Yeni Yıl’ın en önemli ayini, ülkenin ve halkın refahı ile bolluğunu güvence altına almak amacıyla yapılan “kutsal evlilik” ayiniydi. Mezopotamya’da halkın refahını ve bolluğunu Tanrıça İštar’ın sağladığı düşünülmüştür. Bu sebeple de ayinde, tanrıçayı temsil eden rahibelerden birisi ile Tanrı Tammuz’u16 (Sümerce Dumuzi) temsil eden kral arasında “kutsal evlilik” töreni gerçekleştirilirdi (Kramer, 2002: 187). Mezopotamya mitolojisi kısmında daha ayrıntılı olarak değineceğimiz üzere, Tanrıça İštar ile Tanrı Tammuz’un evliliği, bolluk ve bereketin sembolü kabul edilmiş ve bunun bir “kutsal evlilik” olduğuna inanılmıştır. Bolluk ve bereketi getirmesiyle toplumun mutluluğunu sağladığına inanılan “kutsal evlilik” töreni ilk kez Sümerlerde M.Ö. 3000’lerden daha önceki bir dönemde başlamış ve Mezopotamya toplumları arasında 2000 yıldan daha fazla zaman zarfında tapınaklarda sembolik olarak yeniden canlandırılmıştır (Kılıç ve Duymuş, 2009: 160-161).

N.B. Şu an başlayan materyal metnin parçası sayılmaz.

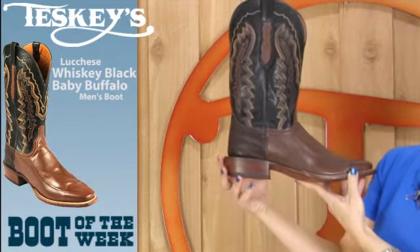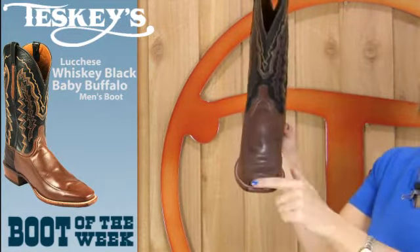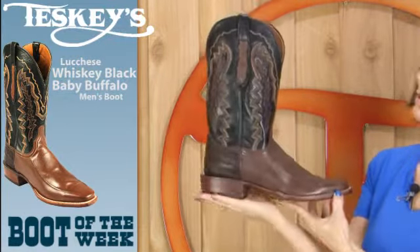It has a walking heel with a spur ridge, a butyl leather sole, single stitch welt and medium square toe, and the top is thirteen inches tall.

Sümerler ile başlayıp, daha sonra Sami toplumlarda da devam eden bu ayin geleneği her yıl yinelenerek süregelmiştir. Yeni Yıl’da dünyanın dönemsel olarak yeniden yaratıldığı ve kutsal evlilik ayininin yapılmasının önemli sonuçlar yarattığına inanılmıştır. Böylece tanrısal enerji yeryüzüne saçılmakta ve başlayan yeni yılda refah ve mutluluk güvence altına alınmaktadır (Eliade, 2007: 82).

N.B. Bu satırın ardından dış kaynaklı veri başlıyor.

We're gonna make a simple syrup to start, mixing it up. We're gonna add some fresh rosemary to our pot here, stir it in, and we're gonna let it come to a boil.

Kutsal evlilik töreni kutlandıktan sonra, 11. günde tanrı ve maiyeti Babil’e geri dönüyordu. Marduk kaderler podyumuna oturtulup evrenin kralı olarak ululanıyordu. Ertesi gün, tanrıların heykelleri kendi şehirlerine dönüyordu ve törenler son buluyordu (Salvini, 2006: 116).